I have recently started reading about computability of functions and am a little surprised that every mathematical definition of computable function seems to only talk about functions $f : \mathbb{N} \rightarrow \mathbb{N}$.
Has anyone formulated a mathematically rigorous definition of computable functions on more general sets (e.g. integers, rational numbers, $\mathbb{Z} \times \{1,2,...,n\}$, etc)? I realize definitions of computable functions based on the ideas of recursion would require some technical adjustment to accommodate such sets.

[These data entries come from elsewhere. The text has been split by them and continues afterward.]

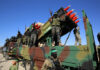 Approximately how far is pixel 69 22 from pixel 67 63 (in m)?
4.00

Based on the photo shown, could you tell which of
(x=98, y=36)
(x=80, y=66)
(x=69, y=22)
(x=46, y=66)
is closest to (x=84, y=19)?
(x=98, y=36)

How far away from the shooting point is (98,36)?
8.41 feet

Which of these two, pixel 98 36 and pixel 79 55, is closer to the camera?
pixel 79 55

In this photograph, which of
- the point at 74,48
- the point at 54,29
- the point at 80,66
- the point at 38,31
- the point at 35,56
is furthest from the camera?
the point at 38,31

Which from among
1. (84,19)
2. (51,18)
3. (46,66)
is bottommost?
(46,66)

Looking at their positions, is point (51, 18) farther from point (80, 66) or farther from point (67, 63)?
point (80, 66)

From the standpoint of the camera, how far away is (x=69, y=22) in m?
6.15

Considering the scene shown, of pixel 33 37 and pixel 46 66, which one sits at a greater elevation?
pixel 33 37

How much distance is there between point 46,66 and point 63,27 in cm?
428

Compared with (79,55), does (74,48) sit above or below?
above

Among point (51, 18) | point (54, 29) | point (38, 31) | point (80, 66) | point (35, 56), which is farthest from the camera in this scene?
point (38, 31)

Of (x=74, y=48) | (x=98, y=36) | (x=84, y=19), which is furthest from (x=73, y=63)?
(x=84, y=19)

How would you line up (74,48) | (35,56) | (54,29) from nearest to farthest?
(74,48) < (35,56) < (54,29)

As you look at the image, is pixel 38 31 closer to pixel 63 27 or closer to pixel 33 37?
pixel 33 37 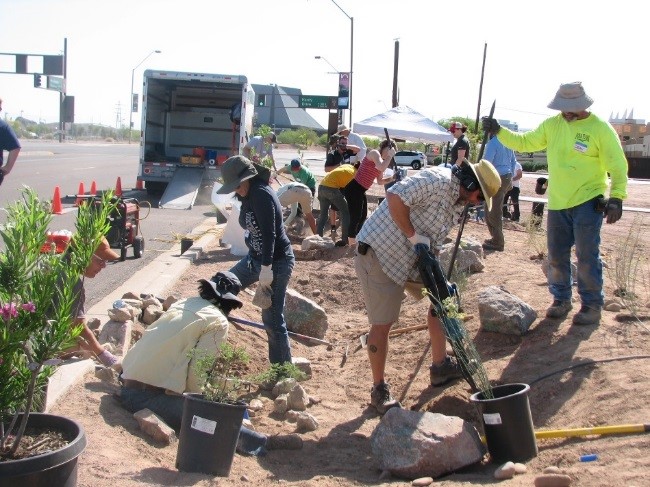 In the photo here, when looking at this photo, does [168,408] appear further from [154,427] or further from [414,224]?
[414,224]

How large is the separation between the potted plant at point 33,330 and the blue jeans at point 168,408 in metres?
Result: 1.40

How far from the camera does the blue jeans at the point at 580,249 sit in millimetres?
Answer: 6758

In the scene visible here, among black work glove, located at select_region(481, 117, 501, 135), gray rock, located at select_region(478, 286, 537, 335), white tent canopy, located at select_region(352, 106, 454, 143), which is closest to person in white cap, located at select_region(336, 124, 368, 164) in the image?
white tent canopy, located at select_region(352, 106, 454, 143)

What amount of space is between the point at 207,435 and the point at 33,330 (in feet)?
3.91

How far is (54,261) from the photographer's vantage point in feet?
13.1

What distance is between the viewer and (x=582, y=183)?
6.78 m

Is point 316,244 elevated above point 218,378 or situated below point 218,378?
below

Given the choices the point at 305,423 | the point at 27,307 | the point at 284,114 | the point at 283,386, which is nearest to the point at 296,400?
the point at 283,386

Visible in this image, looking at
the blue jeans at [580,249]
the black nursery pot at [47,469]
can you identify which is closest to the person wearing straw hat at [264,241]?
the blue jeans at [580,249]

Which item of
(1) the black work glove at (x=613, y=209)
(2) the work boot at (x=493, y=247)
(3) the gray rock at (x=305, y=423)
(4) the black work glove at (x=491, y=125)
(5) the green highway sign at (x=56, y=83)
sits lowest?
(3) the gray rock at (x=305, y=423)

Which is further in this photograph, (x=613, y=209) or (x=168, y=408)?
(x=613, y=209)

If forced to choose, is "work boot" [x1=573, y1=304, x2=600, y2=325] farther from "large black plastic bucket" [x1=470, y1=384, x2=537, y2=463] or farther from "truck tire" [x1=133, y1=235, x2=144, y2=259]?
"truck tire" [x1=133, y1=235, x2=144, y2=259]

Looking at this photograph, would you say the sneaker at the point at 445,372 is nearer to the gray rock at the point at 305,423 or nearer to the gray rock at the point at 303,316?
the gray rock at the point at 305,423

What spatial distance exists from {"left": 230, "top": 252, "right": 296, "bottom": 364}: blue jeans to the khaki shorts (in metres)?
0.77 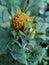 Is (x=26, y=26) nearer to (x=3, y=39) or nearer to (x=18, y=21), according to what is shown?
(x=18, y=21)

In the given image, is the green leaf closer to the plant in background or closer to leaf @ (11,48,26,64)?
the plant in background

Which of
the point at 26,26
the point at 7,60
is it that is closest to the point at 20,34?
the point at 26,26

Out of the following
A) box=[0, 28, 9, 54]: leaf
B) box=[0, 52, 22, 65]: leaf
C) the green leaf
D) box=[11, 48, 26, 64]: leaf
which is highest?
the green leaf

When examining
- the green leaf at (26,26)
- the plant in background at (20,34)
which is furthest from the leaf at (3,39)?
the green leaf at (26,26)

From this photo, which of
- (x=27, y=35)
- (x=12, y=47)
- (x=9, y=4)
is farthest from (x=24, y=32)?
(x=9, y=4)

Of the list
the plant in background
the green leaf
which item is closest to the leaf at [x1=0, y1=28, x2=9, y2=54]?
the plant in background

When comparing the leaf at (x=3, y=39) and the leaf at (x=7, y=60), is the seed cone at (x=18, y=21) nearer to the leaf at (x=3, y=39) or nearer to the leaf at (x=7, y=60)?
the leaf at (x=3, y=39)

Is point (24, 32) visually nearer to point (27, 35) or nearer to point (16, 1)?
point (27, 35)

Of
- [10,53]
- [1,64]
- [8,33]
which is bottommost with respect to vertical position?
[1,64] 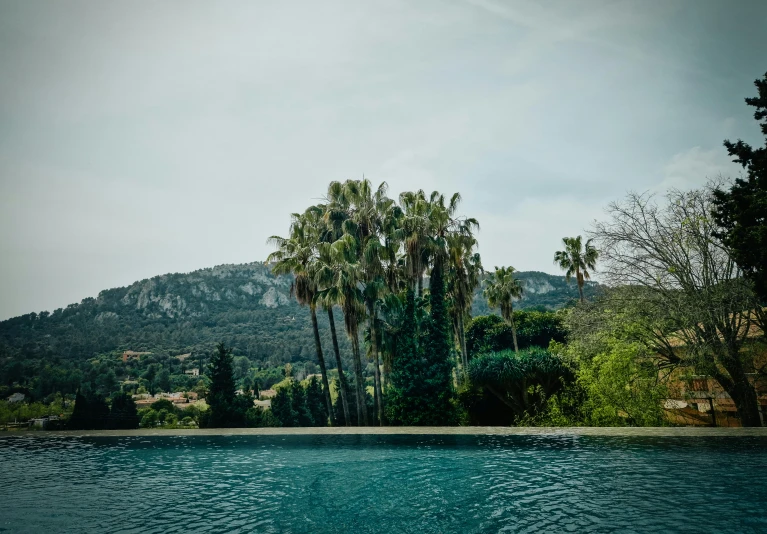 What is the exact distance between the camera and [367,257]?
22.6 metres

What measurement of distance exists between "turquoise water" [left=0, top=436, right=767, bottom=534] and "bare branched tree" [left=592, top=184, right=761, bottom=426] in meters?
3.70

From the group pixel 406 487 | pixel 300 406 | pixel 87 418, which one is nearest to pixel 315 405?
pixel 300 406

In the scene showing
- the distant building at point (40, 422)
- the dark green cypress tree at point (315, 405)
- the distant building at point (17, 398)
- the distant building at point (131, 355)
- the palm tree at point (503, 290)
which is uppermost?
the palm tree at point (503, 290)

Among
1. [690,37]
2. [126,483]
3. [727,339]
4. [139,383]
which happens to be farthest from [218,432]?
[139,383]

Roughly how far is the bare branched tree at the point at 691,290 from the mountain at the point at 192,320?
170 feet

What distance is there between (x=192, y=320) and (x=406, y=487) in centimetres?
10017

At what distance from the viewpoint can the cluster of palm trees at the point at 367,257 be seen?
2222 centimetres

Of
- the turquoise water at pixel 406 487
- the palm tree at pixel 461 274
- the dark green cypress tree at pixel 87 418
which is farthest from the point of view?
the palm tree at pixel 461 274

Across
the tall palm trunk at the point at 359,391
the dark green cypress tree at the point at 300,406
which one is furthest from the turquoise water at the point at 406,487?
the dark green cypress tree at the point at 300,406

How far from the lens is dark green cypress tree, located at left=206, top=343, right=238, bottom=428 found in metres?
23.9

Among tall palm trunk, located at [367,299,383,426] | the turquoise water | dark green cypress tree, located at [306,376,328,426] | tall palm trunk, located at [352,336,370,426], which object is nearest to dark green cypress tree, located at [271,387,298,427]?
dark green cypress tree, located at [306,376,328,426]

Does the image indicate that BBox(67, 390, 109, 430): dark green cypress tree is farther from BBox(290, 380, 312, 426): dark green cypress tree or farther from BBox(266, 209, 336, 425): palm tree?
BBox(290, 380, 312, 426): dark green cypress tree

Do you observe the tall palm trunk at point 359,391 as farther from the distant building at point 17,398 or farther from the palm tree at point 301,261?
the distant building at point 17,398

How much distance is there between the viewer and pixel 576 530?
716cm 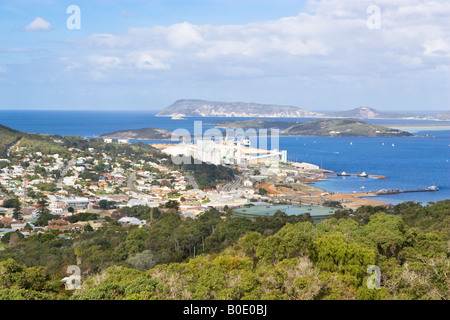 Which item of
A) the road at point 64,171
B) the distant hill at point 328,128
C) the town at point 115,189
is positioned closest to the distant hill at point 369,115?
the distant hill at point 328,128

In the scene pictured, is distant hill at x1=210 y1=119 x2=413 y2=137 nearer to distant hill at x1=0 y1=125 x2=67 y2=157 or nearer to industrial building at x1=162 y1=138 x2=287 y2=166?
industrial building at x1=162 y1=138 x2=287 y2=166

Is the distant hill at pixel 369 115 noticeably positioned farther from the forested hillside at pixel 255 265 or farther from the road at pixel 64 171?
the forested hillside at pixel 255 265

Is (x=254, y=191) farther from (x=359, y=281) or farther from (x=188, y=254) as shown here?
(x=359, y=281)

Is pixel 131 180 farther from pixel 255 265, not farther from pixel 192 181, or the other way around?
pixel 255 265

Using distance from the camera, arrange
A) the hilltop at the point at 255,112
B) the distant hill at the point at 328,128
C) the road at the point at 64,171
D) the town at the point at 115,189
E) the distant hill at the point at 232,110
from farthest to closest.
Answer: the distant hill at the point at 232,110
the hilltop at the point at 255,112
the distant hill at the point at 328,128
the road at the point at 64,171
the town at the point at 115,189

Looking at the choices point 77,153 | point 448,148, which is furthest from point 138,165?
point 448,148

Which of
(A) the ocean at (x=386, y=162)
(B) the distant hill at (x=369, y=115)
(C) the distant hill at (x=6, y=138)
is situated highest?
(B) the distant hill at (x=369, y=115)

Obviously, there is a bijection between any two countable sets. However, as their are infinite subsets of $\mathbb{N}$ which are not decidable/computable/recursive, then we can't immediately extend our definition of computable functions to arbitrary countable sets. The infinite sets would need to be able to be "recursively defined" somehow. However, this requires the previous mentioned technicalities to define recursive (computable) functions on or to sets other than $\mathbb{N}$.
References to good texts or articles discussing such extensions would be great!
Indeed. You can use any set which has an effective symbolic representation.
The problem with doing that in full generality is that you'd need a rigorous definition of "effective symbolic representation". It's not that there's any real disagreement what that means, but the only technically workable way I can imagine defining it is to declare by fiat that some canonical set is effectively symbolic and say that an effectively symbolic representation of a different set is an "effective" injection into your canonical set.
But then what we're really doing is just computability theory on that canonical set anyway, just with more words surrounding it! All we can do is vary our choice of canonical set -- but all the reasonable choices are equivalent anyway.
As you've noticed, mathematical logicians like using $\mathbb N$ as the canonical sets.
If you ask a computer scientist, they will be somewhat more likely to consider the set of finite bit strings (or possibly finite strings over some unspecified finite alphabet) to be canonical. If they're at the "engineering" end of computer science they may even prefer byte strings, though this may be considered somewhat facetious.
As a randomish text suggestion, Neil Jones (who was my Ph.D. advisor) considered the set of lisp-like data items to be technically superior to either of these, and wrote a book developing the standard theory in that setting.